Instructions for the task:
Restate exactly, please, each line of the listing from the one with "Front porch" to the last, including both.

Supplied records:
^^^^

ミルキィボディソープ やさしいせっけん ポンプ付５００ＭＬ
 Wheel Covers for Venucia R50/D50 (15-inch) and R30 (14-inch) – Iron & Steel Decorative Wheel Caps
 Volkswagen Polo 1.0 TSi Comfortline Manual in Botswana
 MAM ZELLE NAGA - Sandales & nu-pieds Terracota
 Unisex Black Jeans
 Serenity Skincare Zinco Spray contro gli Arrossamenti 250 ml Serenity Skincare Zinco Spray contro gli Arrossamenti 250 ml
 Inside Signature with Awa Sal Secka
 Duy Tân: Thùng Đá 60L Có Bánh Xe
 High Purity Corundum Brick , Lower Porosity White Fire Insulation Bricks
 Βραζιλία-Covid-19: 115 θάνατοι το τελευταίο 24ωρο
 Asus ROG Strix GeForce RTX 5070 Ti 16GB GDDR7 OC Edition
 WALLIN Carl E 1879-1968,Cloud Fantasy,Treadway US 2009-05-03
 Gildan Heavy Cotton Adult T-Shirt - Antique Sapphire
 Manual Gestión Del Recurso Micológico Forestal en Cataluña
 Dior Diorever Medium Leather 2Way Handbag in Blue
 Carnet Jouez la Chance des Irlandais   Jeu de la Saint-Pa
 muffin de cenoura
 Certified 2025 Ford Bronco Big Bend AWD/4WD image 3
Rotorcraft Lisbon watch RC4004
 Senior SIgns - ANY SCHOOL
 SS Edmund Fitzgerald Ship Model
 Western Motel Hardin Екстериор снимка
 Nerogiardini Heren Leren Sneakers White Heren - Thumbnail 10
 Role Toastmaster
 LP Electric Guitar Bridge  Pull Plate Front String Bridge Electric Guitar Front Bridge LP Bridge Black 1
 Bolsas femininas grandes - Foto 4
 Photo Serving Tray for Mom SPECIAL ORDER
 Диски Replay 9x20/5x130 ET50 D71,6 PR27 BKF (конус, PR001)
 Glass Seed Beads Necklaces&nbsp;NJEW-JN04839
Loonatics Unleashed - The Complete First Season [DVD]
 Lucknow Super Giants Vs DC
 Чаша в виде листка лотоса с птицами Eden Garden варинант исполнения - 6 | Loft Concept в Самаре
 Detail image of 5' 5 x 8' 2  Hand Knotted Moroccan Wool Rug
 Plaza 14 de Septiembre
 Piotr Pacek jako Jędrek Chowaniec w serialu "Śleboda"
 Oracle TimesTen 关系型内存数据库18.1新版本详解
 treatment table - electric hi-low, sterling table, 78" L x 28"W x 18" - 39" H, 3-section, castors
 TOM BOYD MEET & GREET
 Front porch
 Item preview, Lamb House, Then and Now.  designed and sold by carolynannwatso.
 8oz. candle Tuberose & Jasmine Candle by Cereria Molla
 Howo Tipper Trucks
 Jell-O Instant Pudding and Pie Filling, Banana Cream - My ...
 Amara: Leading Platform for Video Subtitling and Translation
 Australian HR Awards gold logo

^^^^

Result of the exercise:
 Front porch
 Item preview, Lamb House, Then and Now.  designed and sold by carolynannwatso.
 8oz. candle Tuberose & Jasmine Candle by Cereria Molla
 Howo Tipper Trucks
 Jell-O Instant Pudding and Pie Filling, Banana Cream - My ...
 Amara: Leading Platform for Video Subtitling and Translation
 Australian HR Awards gold logo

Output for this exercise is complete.